Earlier in the day, Hong Kong's Hang Seng index had ended trading on a loss of 1.8%, while Japan's Nikkei 225 index slid 0.5%.
"The sell-off in China continues to have a profound effect on stocks across the board, since the largest unwinding in the Shanghai Composite Index since 1997 leaves investors questioning the sustainability of stock gains everywhere," said analysts at Briefing.com.
The eyes of investors will now be on Asian markets to see whether the investor panic spreads.

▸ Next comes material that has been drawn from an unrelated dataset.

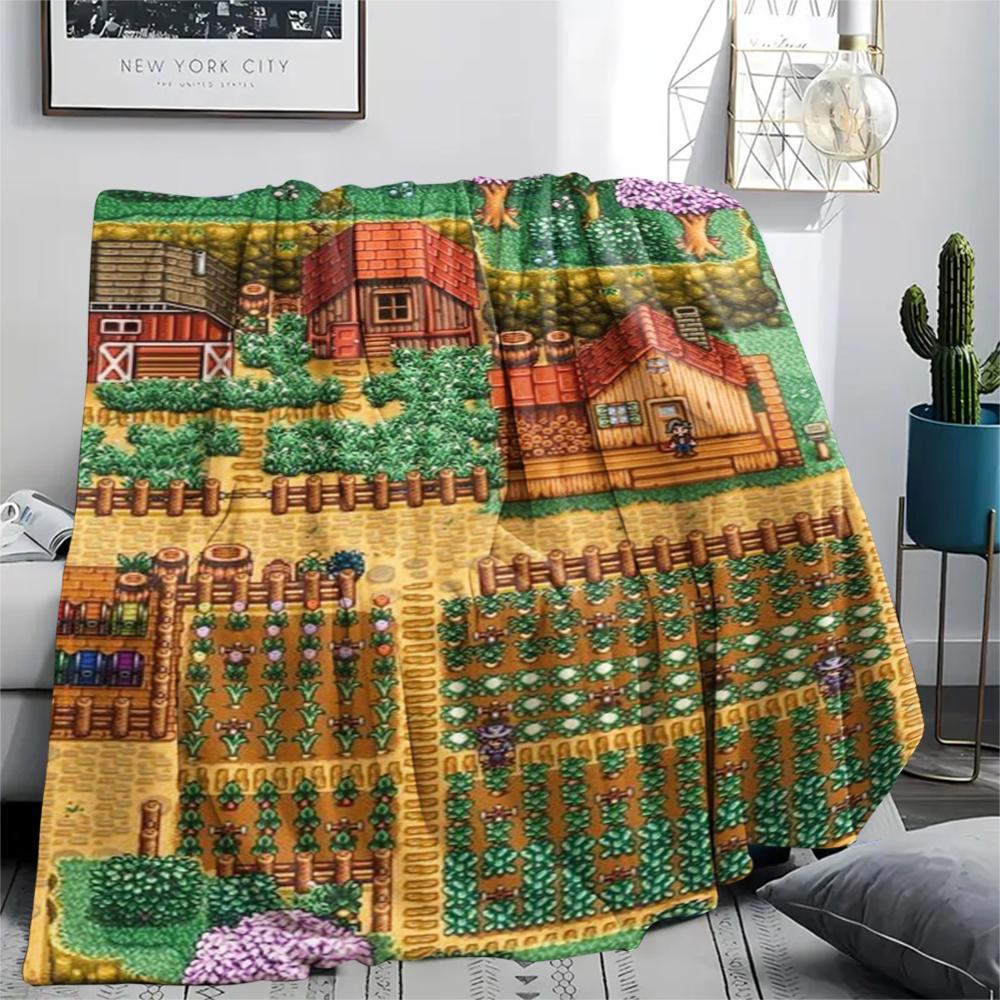 1PC Stardew Valley Print Flannel Blanket, High quality Comfortable for All Seasons, Home Decor, Warmth and Comfort, Perfect for Christmas Gifts179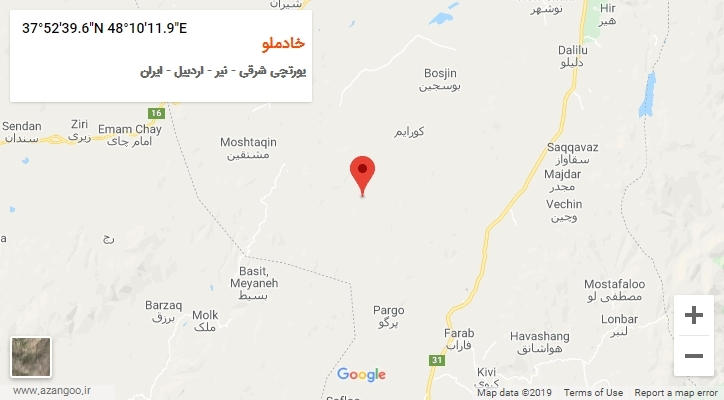 روستای خادملو بر روی نقشه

If that happens, European and US markets could face another round of sell-offs.
The first stock market to open the new trading day in the Asia-Pacific region, New Zealand, saw key share prices plunge nearly 3% during the first hour.
'Sense of panic'
Investor sentiment on Wall Street was also knocked by figures showing that US growth may be slowing down more than anticipated, with a government report earlier showing that orders for durable goods in January had dropped by the largest amount in three months.
"As the afternoon has progressed, there seems to be a sense of panic among some professional investors," said Andre Bakhos, president of Princeton Financial Group.
"There seems to be just an air of nothing is safe anymore, there's nowhere to go and people are rotating into bonds as a safe haven."
China has been one of the main emerging markets for many investors as the country's economy has grown strongly and the government has sold stakes in some of its biggest and most attractive companies.
However, the government has been looking at ways of slowing growth in order to stop the economy from overheating, and many investors are worried that it may lead to tougher regulations that will limit stock-market investment.
At the same time, there are concerns that interest rates will have to be raised in order to rein in economic and price growth, further denting domestic demand for shares.
"Foreign companies which are particularly exposed to China have been badly affected," said Peter Dixon, an economist at Commerzbank.
"These companies basically will suffer in the event of things going sour in the Chinese market."
Standard Chartered, a lender that focuses on emerging markets, was one of the biggest UK decliners on Tuesday despite reporting earnings that topped analysts' forecasts.
Standard Chartered was down 4% at 1,450 pence.
Digging down
Also hurting UK shares was a newspaper report that South Africa may consider asking companies in the mining industry to pay an extra tax.
The news hit shares of mining firms, with Xstrata losing 6.7%, Vedanta Resources shedding 4.9%, Anglo American down 4.7%, BHP Billiton falling 6.2%, and Rio Tinto sliding 4.8%.
South African newspaper Business Day said the government may ask mining companies to pay an additional tax on top of the royalties they already pay when commodity prices climb above a certain level.
Commodity prices have climbed to record levels in recent months.